Tuesday, February 22, 2011
21 on
Its funny, you spend some time chasing something/someone you thought you really want and when you're that damn close to getting it you realise its nothing near what you want. There's a significant level of frustration bubbling below the surface that i'm refusing to show, what it comes out as is irritation towards several people around me. I know what i've done wasn't the nicest thing to do but to be very honest it was the right thing to do and when we're living our separate lives in the future we'd look back and be glad this happened. I guess i'm past justifying what i've done already, there is one reasons out of the many that i did what i did, there's a small part of me that's asking if i did the right thing or not, its a 99% resolve. That one reason makes up most of the 99%. Its getting harder and harder to place this smile here for the sole purpose of having the smile.

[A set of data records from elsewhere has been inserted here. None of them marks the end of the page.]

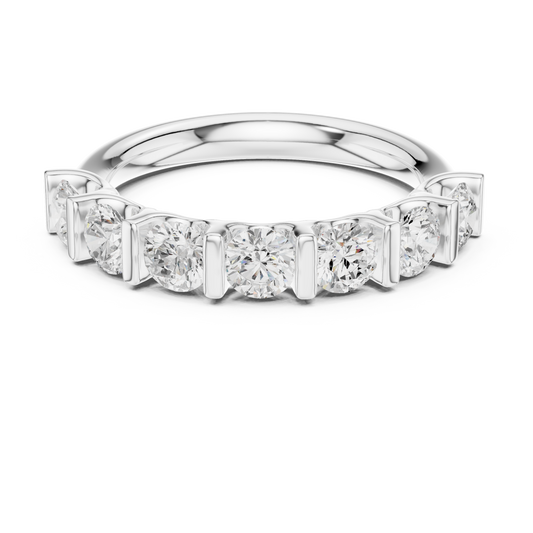 Half Eternity Round Lab Diamond Wedding Band - view 3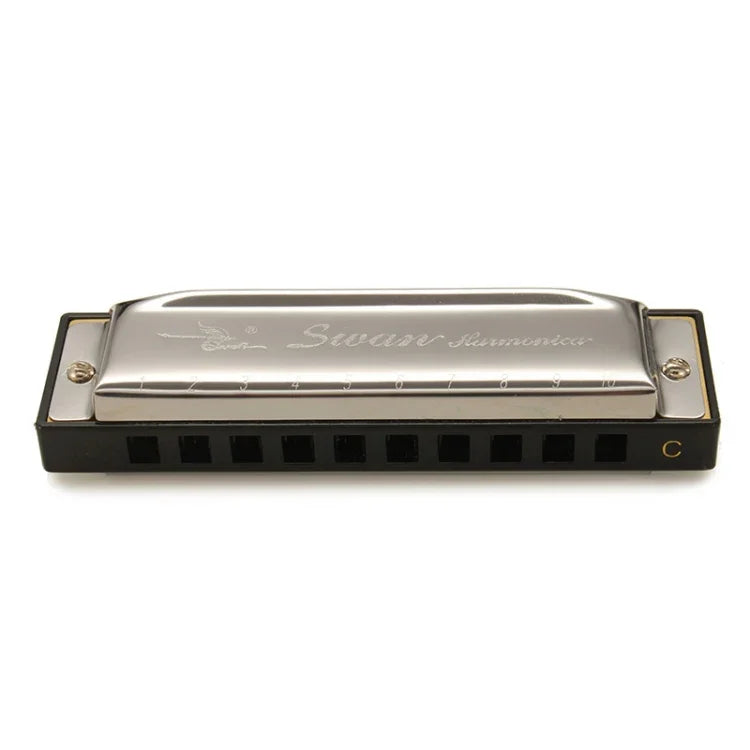 هارمونيكا بلوز دياتونيك Swan SW1020-7 بعشرة ثقوب للبالغين والطلاب والأطفال المبتدئين، هارمونيكا بوليفونية Swan SW1020-7 بعشرة ثقوب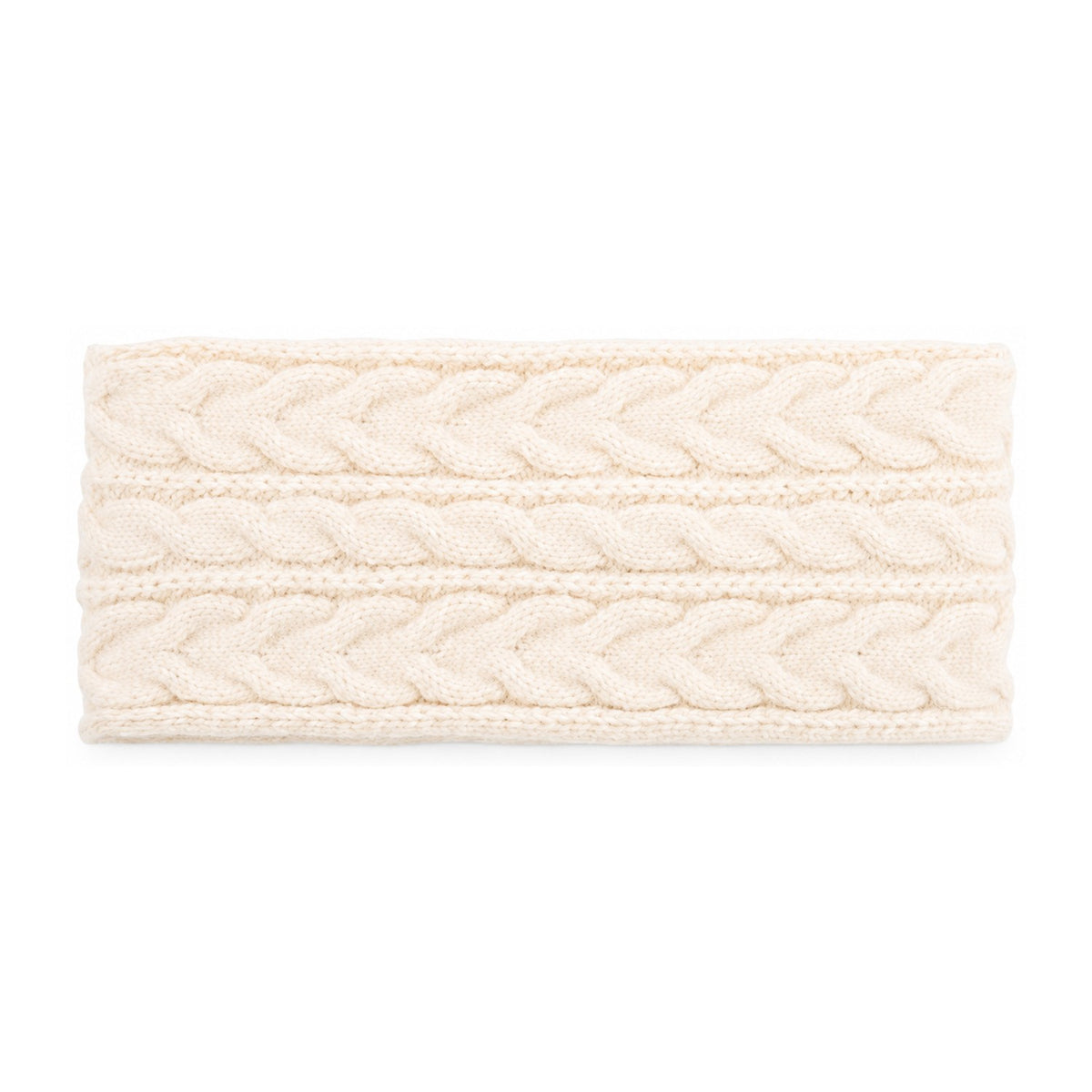 Aysgarth cable-knit earwarmer headband – ivory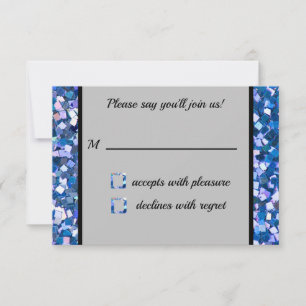 Confetti Blue RSVP Card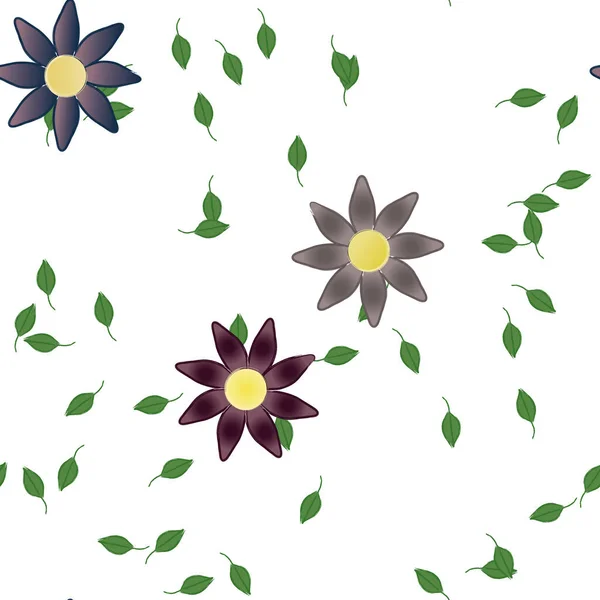 Composição Bonita Com Flores Coloridas Simples Folhas Verdes Fundo Ilustração — Vetor de Stock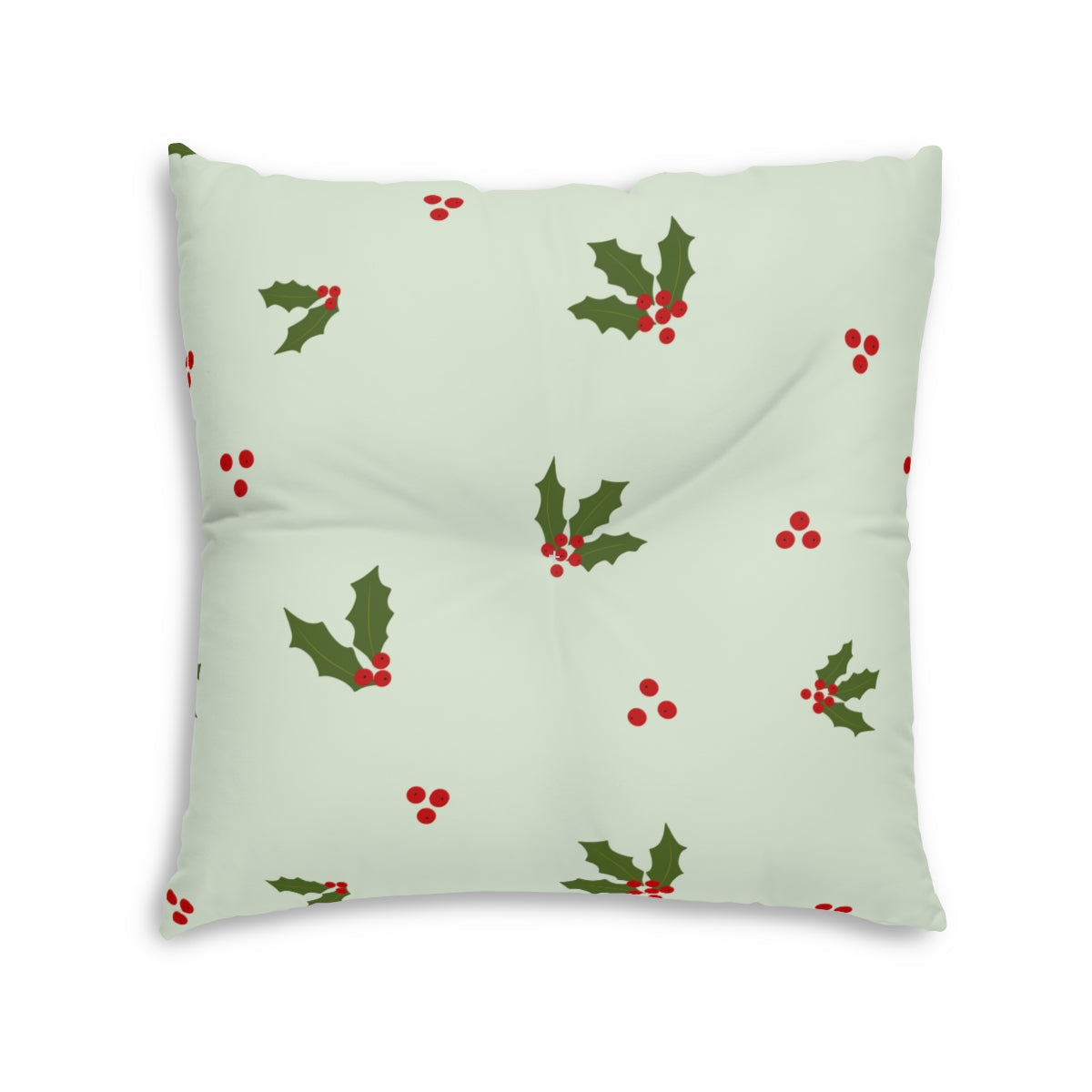 Green Square Tufted Holiday Floor Pillow - Holly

I wish that they'd understand, i wish it'd all go away because i'm not tired tired, i'm tired of having to pretend that i'm fine, tired of pretending that i don't mind it when i figuratively get slapped in my face, tired of being treated like a welcome mat, tired of being kept in the dark, i'm just tired. I know that by coming back it won't change the circumstances that i'm placed in. I know that it won't magically turn everything into rainbows and sunshine. But i need to feel the rain every once in a while. I think what i need to do is to finish up the CTs asap, do well, ensure my place in school then disappear and recover for a while, i can't keep the smile here all the time, i know its needed but i can't find myself anymore, i lost myself somewhere in all of this.